A recent blog post by Simson Garfinkel (of MIT Technology Review) raises an interesting possibility – that Facebook may be positioning itself to be your pathway to a myriad of other Internet sites, so that you don’t have to manage a plethora of user IDs and passwords. Interesting, strategic, potentially scary – lots of words come to mind when thinking about this possibility.
Facebook introduced Facebook Connect in 2008, and it’s now part of a collection of tools Facebook calls Facebook for Websites. To understand Facebook Connect, think about two different styles of building security. In one model, with a whole lot of exterior doors, you have to have a separate key to each one to get into the individual rooms – analogous to your separate passwords for each website you visit.
With Facebook Connect, you have the potential for a new model – a single exterior door, controlled by Facebook, and a single key – your Facebook user ID and password. Once inside, you can then have access (with no new keys required) to any room allowing use of the Facebook key, and you won’t have to get your key out again (retype your password), either. So instead of carrying many keys (user IDs and passwords), you need only carry one, at least for all those sites that support Facebook Connect. Techies call this single signon.
Facebook for Websites gives the sites that implement Facebook Connect access to a number of additional tools. Those sites allow users to “Like” things on non-Facebook sites, to allow users to easily register for a new site (with data pre-filled from their Facebook account, and Facebook Graph, allowing the site to see all of your Facebook Friends so it can leverage that information for marketing and other purposes.
Facebook Connect (and Facebook for Websites) was created, I believe, with the intent of making Facebook a more central part of its users’ Internet experience. Assuming that people used Facebook as their path to other web sites, that makes Facebook itself even more “sticky” as a destination for its users. Dropping their Facebook account would then require re-creating accounts at those places where they had previously logged in with Facebook.
As Garfinkel notes, this idea makes some sense for users. 500 million of us already have a relationship with Facebook, and have a lot of data there, making it already “sticky”. But there are potential issues, of course, in that Facebook doesn’t have a stellar track record of protecting the privacy of your data that you post there.
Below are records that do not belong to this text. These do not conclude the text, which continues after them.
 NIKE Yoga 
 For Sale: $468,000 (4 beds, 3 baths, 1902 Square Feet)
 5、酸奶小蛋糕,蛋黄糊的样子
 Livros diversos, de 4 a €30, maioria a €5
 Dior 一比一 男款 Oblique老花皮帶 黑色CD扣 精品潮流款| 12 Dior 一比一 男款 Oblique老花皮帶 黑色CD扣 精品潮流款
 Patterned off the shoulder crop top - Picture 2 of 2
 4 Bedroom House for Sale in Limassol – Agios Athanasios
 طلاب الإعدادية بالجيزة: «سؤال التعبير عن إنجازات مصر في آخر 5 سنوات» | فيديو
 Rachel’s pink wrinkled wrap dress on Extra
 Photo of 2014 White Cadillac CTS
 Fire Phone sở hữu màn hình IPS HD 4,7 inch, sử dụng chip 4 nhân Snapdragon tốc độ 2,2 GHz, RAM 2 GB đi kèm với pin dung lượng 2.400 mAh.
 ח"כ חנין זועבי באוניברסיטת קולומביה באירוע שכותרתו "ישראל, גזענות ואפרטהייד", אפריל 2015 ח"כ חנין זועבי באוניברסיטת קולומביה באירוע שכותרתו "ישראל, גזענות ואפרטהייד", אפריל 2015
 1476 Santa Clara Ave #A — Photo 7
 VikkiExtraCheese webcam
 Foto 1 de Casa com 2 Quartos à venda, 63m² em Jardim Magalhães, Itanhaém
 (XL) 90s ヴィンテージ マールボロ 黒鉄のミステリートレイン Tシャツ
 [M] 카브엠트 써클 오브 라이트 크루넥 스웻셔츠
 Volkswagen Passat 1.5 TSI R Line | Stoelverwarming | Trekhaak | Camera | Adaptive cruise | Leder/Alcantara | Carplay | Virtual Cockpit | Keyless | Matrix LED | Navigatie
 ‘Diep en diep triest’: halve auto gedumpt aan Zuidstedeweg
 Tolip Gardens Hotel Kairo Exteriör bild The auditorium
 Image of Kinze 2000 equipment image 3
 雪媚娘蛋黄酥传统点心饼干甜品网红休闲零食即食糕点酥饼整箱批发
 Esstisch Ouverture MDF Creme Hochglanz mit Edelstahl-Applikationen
And if your Facebook account password is compromised (by Firesheep, by someone guessing it, or by any number of other means), you’ve now lost “the key to the kingdom” – all accounts to which you connected with Facebook are now compromised.
Technologists have tried lots of things to solve this problem for consumers – having browsers remember your passwords, separate devices that could store them, specialized services like myonelogin.com to do single signon, etc. All have downsides in terms of both their risk profile and their usability, and Facebook Connect does too. What do you think? How do you manage your Internet passwords? I look forward to hearing from you.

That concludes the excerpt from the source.